Its total surface area is about 430 square miles, with an average depth around 11 feet. This large bowl-shaped lake is noted for sand and grass flats that hold an abundance of fish. The primary baitfish are yellow perch, but gobies and some alewives also provide forage for both smallmouth and largemouth.
Lifetime Michigan resident and Bass Pro Tour angler Jonathon VanDam has chased bass on St. Clair for many years. He’s expecting the Michigan Division anglers who finish in the Top 10 to weigh some impressive limits.
“I think it will take north of 20 pounds to do well,” VanDam said. “There have been weights around 27 or 28 pounds for a five-fish day recently out of St. Clair. I feel that to be in the Top 10, an angler will likely need 23 pounds. And to feel confident they can win, 25 pounds or more.”
Both smallmouth and largemouth are available, but likely smallmouth will be the dominant fish chased by the BFL anglers, primarily because the average size is noticeably bigger.
“Largemouth came into play last year at the Bass Pro Tour event, but this tournament will likely be won with smallmouth, “VanDam said. “They’re just bigger and healthier in general.

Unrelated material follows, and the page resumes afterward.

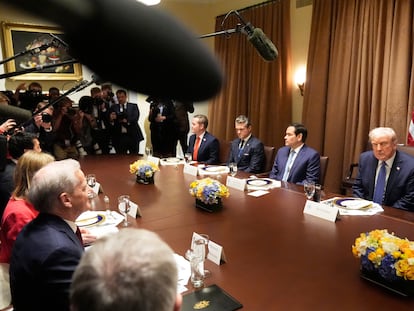 6ht4ri7auncmtb5joeylxapstm El presidente de Estados Unidos, Donald Trump (a la izquierda), durante la reunión bilateral con el primer ministro de Noruega, Jonas Gahr Støre, este jueves en la Casa Blanca.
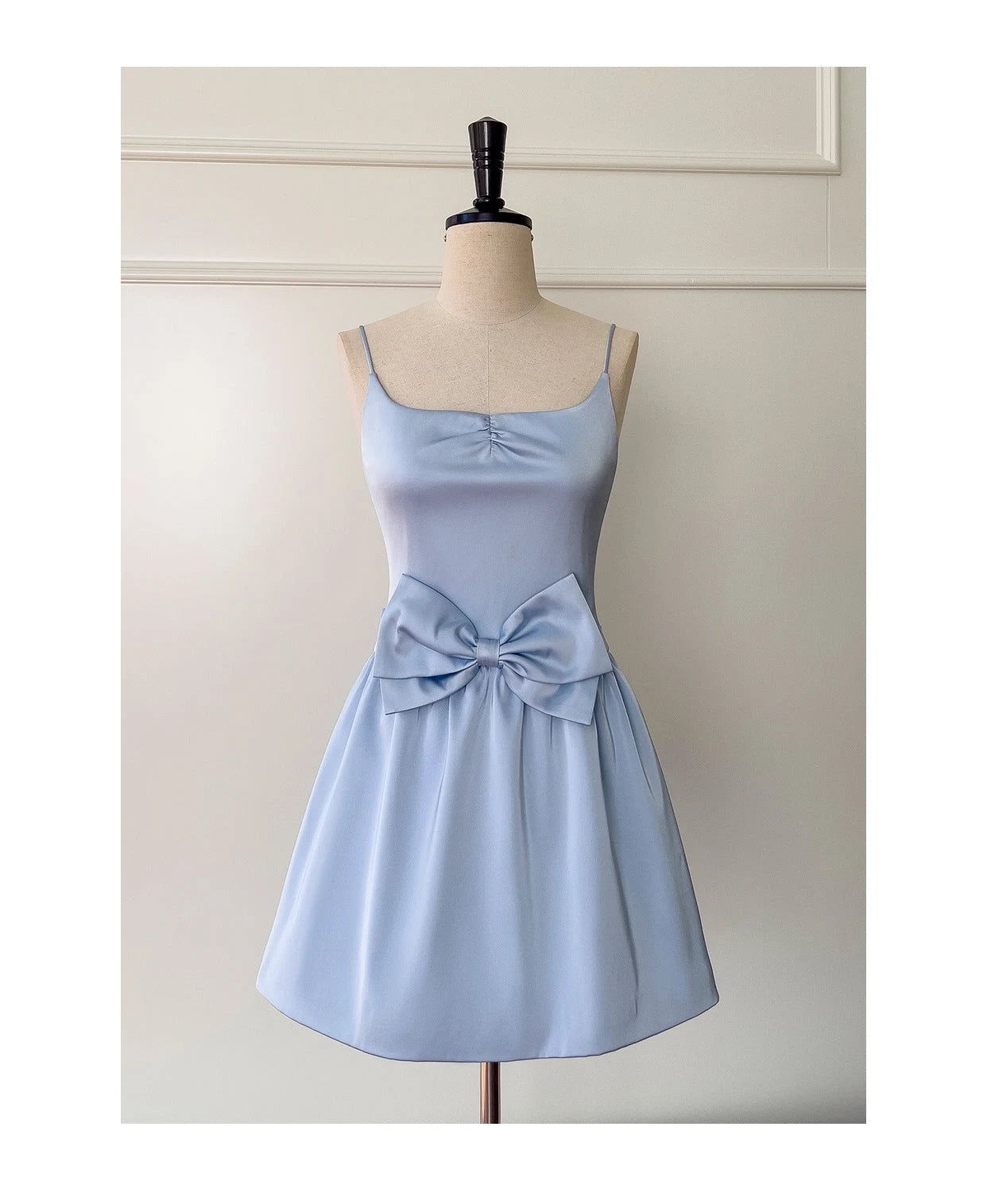 Luolandi Cute A line Spaghetti Straps Blue Sleeveless Bow Detail Short Homecoming Dress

Seeing some of those quality largemouth (last year) opened my eyes to what a terrific largemouth fishery this is developing into, The water has been really high the last few years. That high water has provided largemouth with lots of good spawn area and cover, but the smallmouth are still dominant (in tournaments).”
Smallmouth should be caught on deeper flats (although the entire lake is essentially a gigantic flat). Successful anglers will likely target the 16- to 18-foot depths, looking for weed clumps or open spots in the sand and grass.
VanDam feels anglers should stay put and work an area over if they get a quality bite or two.
“Once you get a quality bite or two, like a 4-pound bass or larger, it’s a good idea to stay put and fish the area thoroughly,” VanDam confirmed. “Getting in the right area is so important on St. Clair. These fish group with fish of the same size. Find an area with a few good bites, hunker down, and work through it. The pods of fish don’t roam a lot, and generally stay in the area.”
Since smallmouth bass located in deeper flats will be the primary target according to VanDam, he feels you should stick with a handful of techniques for success.
“I think the drop-shot, Ned rig, and maybe a spybait will work,” said VanDam. “Of course a classic Great Lakes tube is always good, and really underrated.”